▸ **WORK INSTRUCTION**: All of the data is to be printed exactly, though the images must be left off.

*** DATA SECTION Section Begins ***

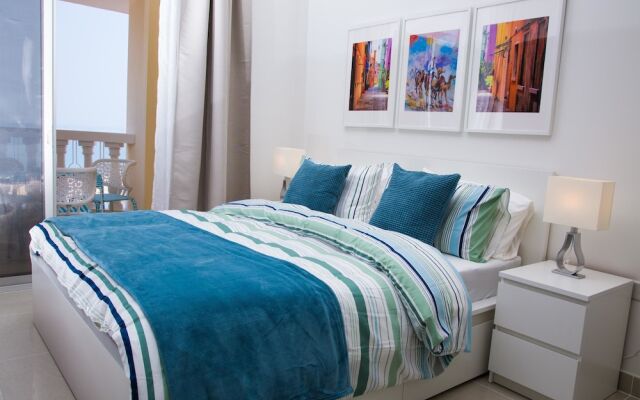 Al Hamra Village Holiday Apartments
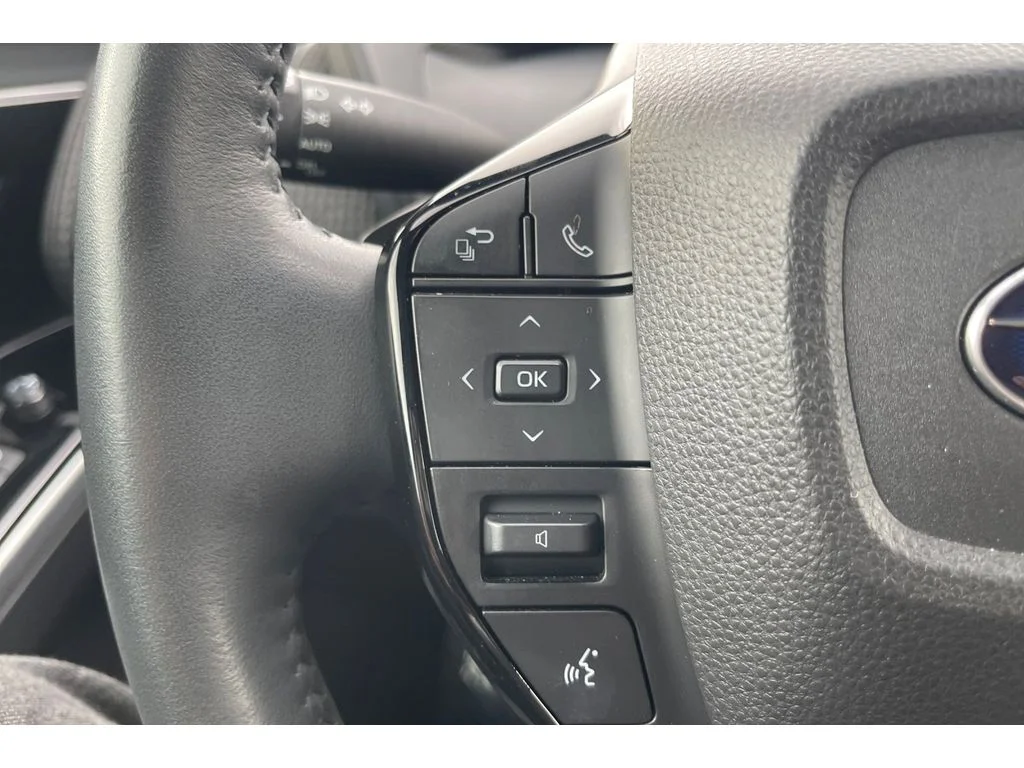 Used 2024 Cosmic White Pearl Subaru Premium image 34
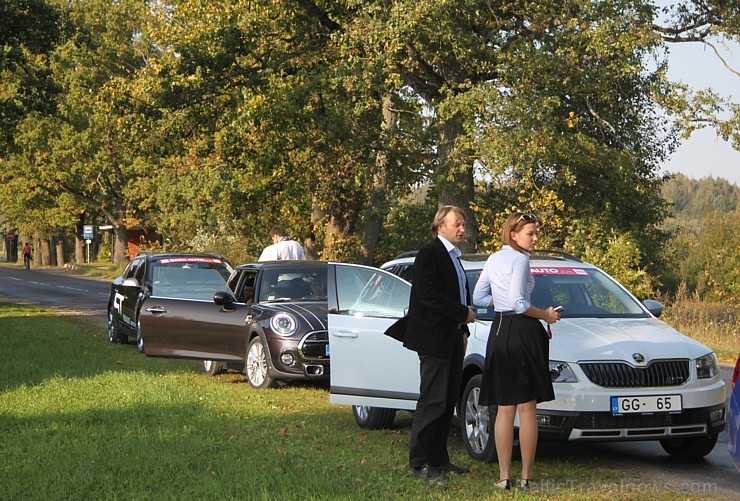 Travelnews.lv ceļojumā iepazīst 14 dažādus Latvijas «GADA AUTO 2015» automobiļus 134325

*** DATA SECTION Section Ends ***

▸ **WRITTEN SOLUTION**:
 Al Hamra Village Holiday Apartments
 Used 2024 Cosmic White Pearl Subaru Premium image 34
 Travelnews.lv ceļojumā iepazīst 14 dažādus Latvijas «GADA AUTO 2015» automobiļus 134325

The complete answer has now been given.